> REQUIRED WORK
Go to the line with "Hibbertia cuneiformis" in the entries below and write out every line from there through the line with "DSC_0104 | Pferde- und", exactly and without pictures.

> EXERCISE DATA
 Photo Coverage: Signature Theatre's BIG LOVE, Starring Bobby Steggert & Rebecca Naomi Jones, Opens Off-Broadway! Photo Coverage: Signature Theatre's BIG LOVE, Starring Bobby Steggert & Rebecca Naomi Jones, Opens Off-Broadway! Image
--
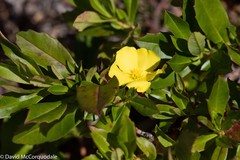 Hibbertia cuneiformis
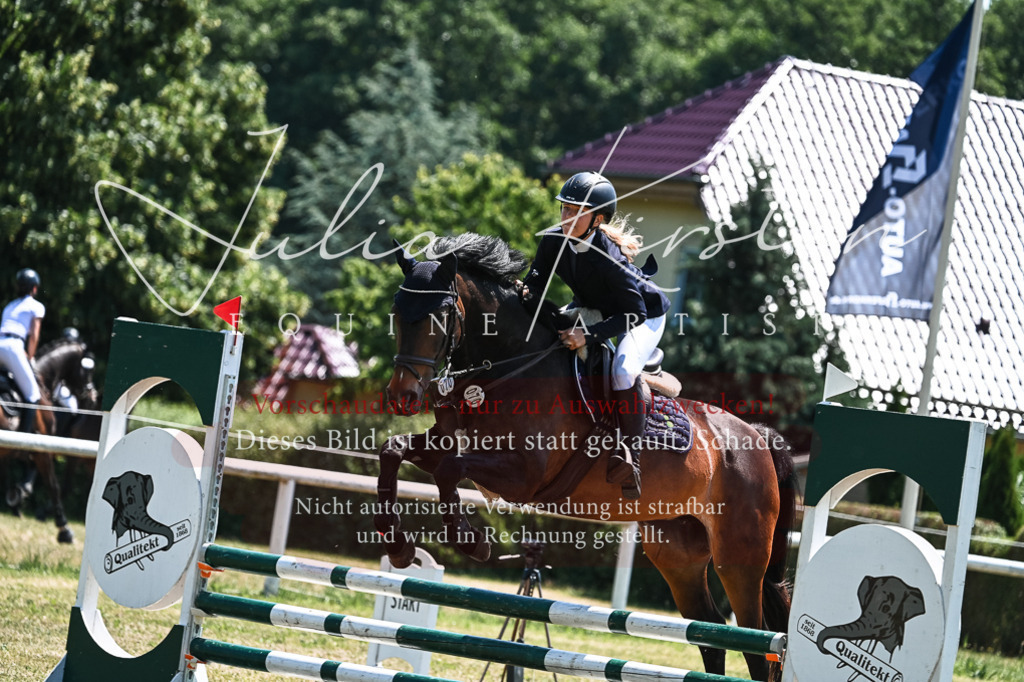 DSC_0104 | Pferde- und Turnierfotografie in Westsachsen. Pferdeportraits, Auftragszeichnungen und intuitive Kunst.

> REPLY TO THE EXERCISE
 Hibbertia cuneiformis
 DSC_0104 | Pferde- und Turnierfotografie in Westsachsen. Pferdeportraits, Auftragszeichnungen und intuitive Kunst.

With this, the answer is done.